Como as instituições que oferecem um centro de lazer com piscinas devem lidar para promover um aproveitamento amistoso desses espaços?

São espaços comuns. Todo espaço coletivo exige um tipo de convivência que é dado de forma institucional, porque normalmente não são as pessoas que decidem a forma de utilizar. Isso sai um pouco dos gostos pessoais, porque, como tem um núcleo grande de frequentadores, é preciso consenso. É o que eu chamo de “regra mínima”, caso contrário a convivência fica impossível. Para além das regras mínimas, como ao mesmo tempo as pessoas em torno dela estabelecem suas regras? Uma pesquisa antropológica poderia fazer isso, comparando, por exemplo, condomínios, clubes, casas, pra ver como são constituídas as regras para usufruir desse equipamento tão específico que é a água.

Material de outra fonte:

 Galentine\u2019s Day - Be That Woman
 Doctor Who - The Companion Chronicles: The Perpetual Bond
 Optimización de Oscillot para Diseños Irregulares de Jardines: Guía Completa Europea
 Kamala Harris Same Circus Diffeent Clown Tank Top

Que tipo de atitude corporal, que tipo de roupa, o que pode comer, a música que é levada. Isso exigiria uma bela pesquisa, uma etnografia, pra gente entender como se forma um aprendizado, e uma postura socioeducativa precisa estar aberta para a modificação, senão seria muito impositivo. É preciso acompanhar as mudanças: certamente uma piscina da década de 1940 tinha um uso muito diferente do uso de hoje.